13 KiB
layout | page_title | sidebar_current | description |
---|---|---|---|
guides | Preemption (Service and Batch Jobs) | guides-operating-a-job-preemption-service-batch | The following guide walks the user through enabling and using preemption on service and batch jobs in Nomad Enterprise (0.9.3 and above). |
Preemption for Service and Batch Jobs
~> Enterprise Only! This functionality only exists in Nomad Enterprise. This is not present in the open source version of Nomad.
Prior to Nomad 0.9, job priority in Nomad was used to process scheduling requests in priority order. Preemption, implemented in Nomad 0.9 allows Nomad to evict running allocations to place allocations of a higher priority. Allocations of a job that are blocked temporarily go into "pending" status until the cluster has additional capacity to run them. This is useful when operators need to run relatively higher priority tasks sooner even under resource contention across the cluster.
While Nomad 0.9 introduced preemption for system jobs, Nomad 0.9.3 Enterprise additionally allows preemption for service and batch jobs. This functionality can easily be enabled by sending a payload with the appropriate options specified to the scheduler configuration API endpoint.
Reference Material
Estimated Time to Complete
20 minutes
Prerequisites
To perform the tasks described in this guide, you need to have a Nomad environment with Consul installed. You can use this repo to easily provision a sandbox environment. This guide will assume a cluster with one server node and three client nodes. To simulate resource contention, the nodes in this environment will each have 1 GB RAM (For AWS, you can choose the t2.micro instance type). Remember that service and batch job preemption require Nomad 0.9.3 Enterprise.
-> Please Note: This guide is for demo purposes and is only using a single server node. In a production cluster, 3 or 5 server nodes are recommended.
Steps
Step 1: Create a Job with Low Priority
Start by creating a job with relatively lower priority into your Nomad cluster.
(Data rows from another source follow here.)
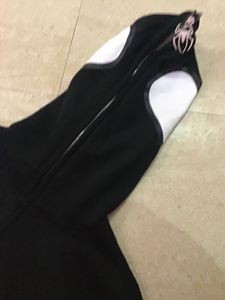Black Spider Graphic Hoodie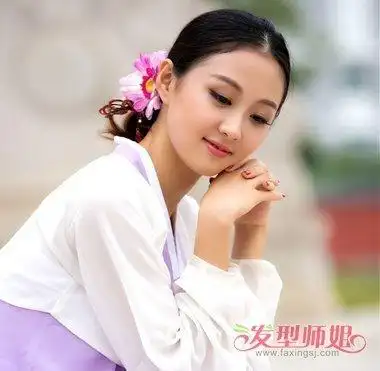 朝鲜族头发怎么盘 朝鲜族盘发发型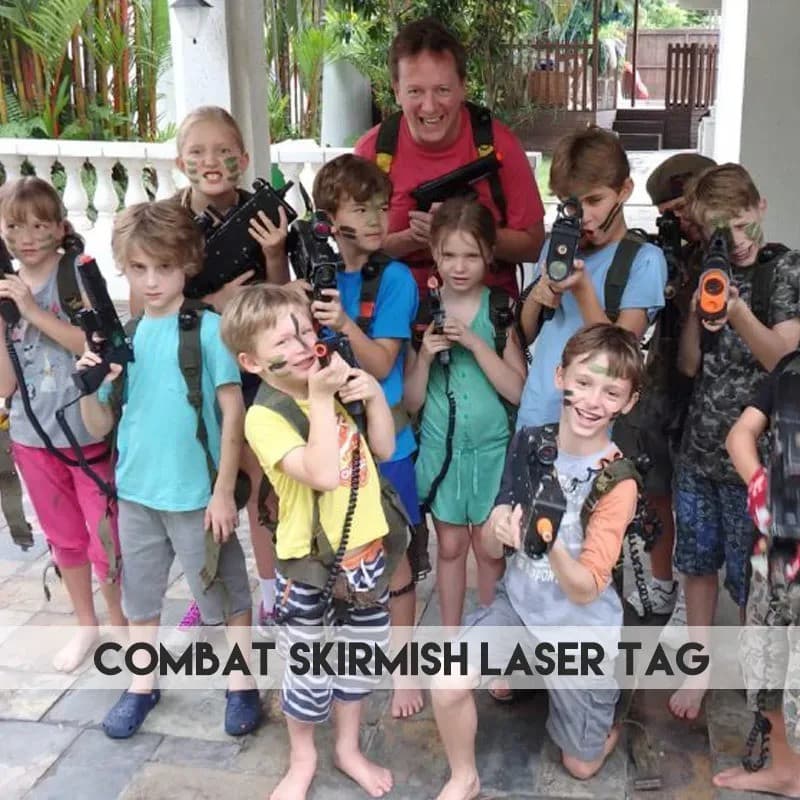 Mobile Laser Tag Parties Redefine Kids' Birthdays in Singapore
One of the allocations from this job will be preempted in a subsequent
deployment when there is a resource contention in the cluster. Copy the
following job into a file and name it webserver.nomad
.
job "webserver" {
datacenters = ["dc1"]
type = "service"
priority = 40
group "webserver" {
count = 3
task "apache" {
driver = "docker"
config {
image = "httpd:latest"
port_map {
http = 80
}
}
resources {
network {
mbits = 10
port "http"{}
}
memory = 600
}
service {
name = "apache-webserver"
port = "http"
check {
name = "alive"
type = "http"
path = "/"
interval = "10s"
timeout = "2s"
}
}
}
}
}
Note that the count is 3 and that each allocation is specifying 600 MB of memory. Remember that each node only has 1 GB of RAM.
Step 2: Run the Low Priority Job
Register webserver.nomad
:
$ nomad run webserver.nomad
==> Monitoring evaluation "1596bfc8"
Evaluation triggered by job "webserver"
Allocation "725d3b49" created: node "16653ac1", group "webserver"
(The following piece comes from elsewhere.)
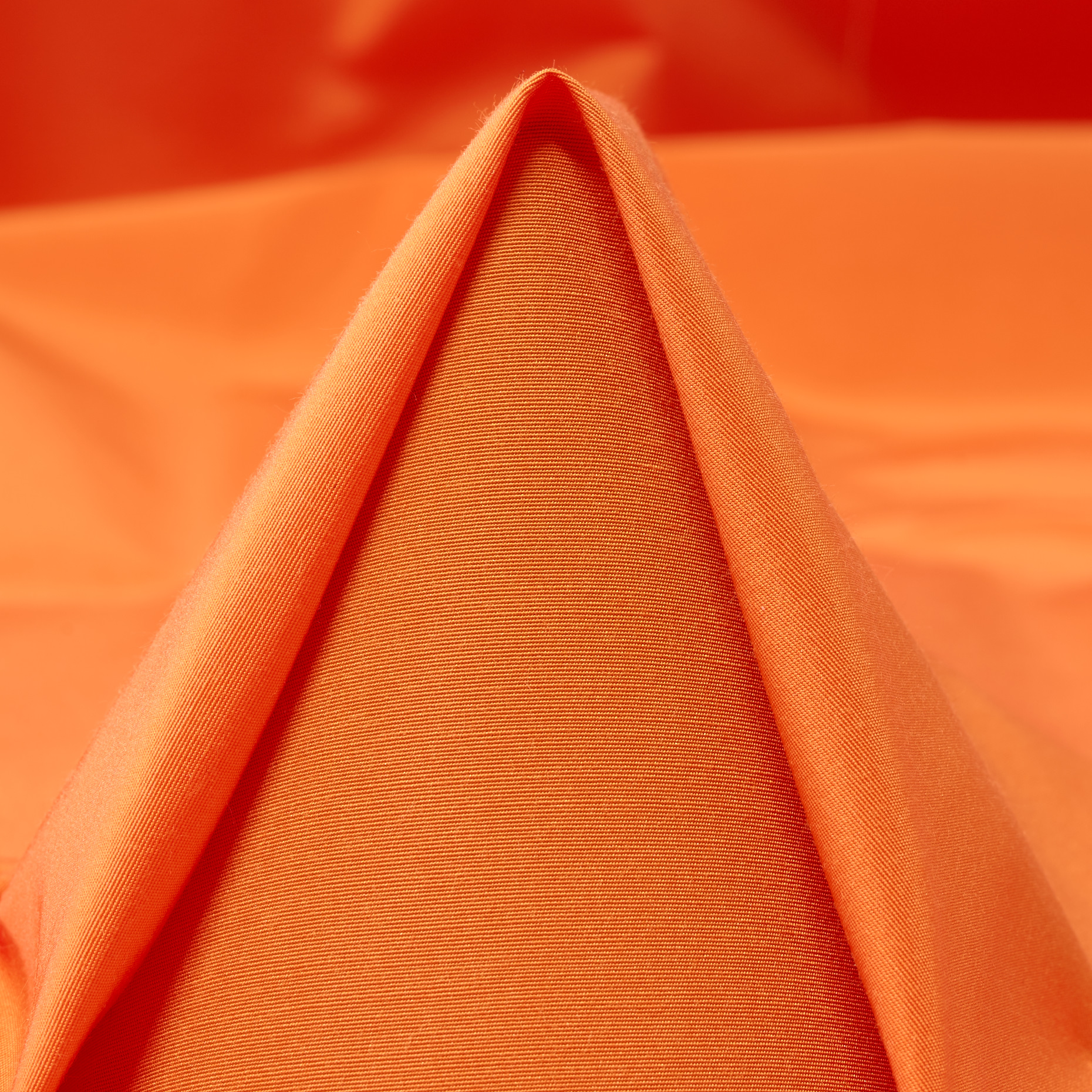 POPLIN, COTTON, SHIMMERING, DUSTY ORANGE (F000048498)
Allocation "e2f9cb3d" created: node "f765c6e8", group "webserver"
Allocation "e9d8df1b" created: node "b0700ec0", group "webserver"
Evaluation status changed: "pending" -> "complete"
==> Evaluation "1596bfc8" finished with status "complete"
You should be able to check the status of the webserver
job at this point and see that an allocation has been placed on each client node in the cluster:
$ nomad status webserver
ID = webserver
Name = webserver
Submit Date = 2019-06-19T04:20:32Z
Type = service
Priority = 40
...
Allocations
ID Node ID Task Group Version Desired Status Created Modified
725d3b49 16653ac1 webserver 0 run running 1m18s ago 59s ago
e2f9cb3d f765c6e8 webserver 0 run running 1m18s ago 1m2s ago
e9d8df1b b0700ec0 webserver 0 run running 1m18s ago 59s ago
Step 3: Create a Job with High Priority
Create another job with a priority greater than the job you just deployed. Copy the following into a file named redis.nomad
:
job "redis" {
datacenters = ["dc1"]
type = "service"
priority = 80
group "cache1" {
count = 1
task "redis" {
driver = "docker"
config {
image = "redis:latest"
port_map {
db = 6379
}
}
resources {
network {
port "db" {}
}
memory = 700
}
service {
name = "redis-cache"
port = "db"
check {
name = "alive"
type = "tcp"
interval = "10s"
timeout = "2s"
}
}
}
}
}
Note that this job has a priority of 80 (greater than the priority of the job from Step 1) and requires 700 MB of memory. This allocation will create a resource contention in the cluster since each node only has 1 GB of memory with a 600 MB allocation already placed on it.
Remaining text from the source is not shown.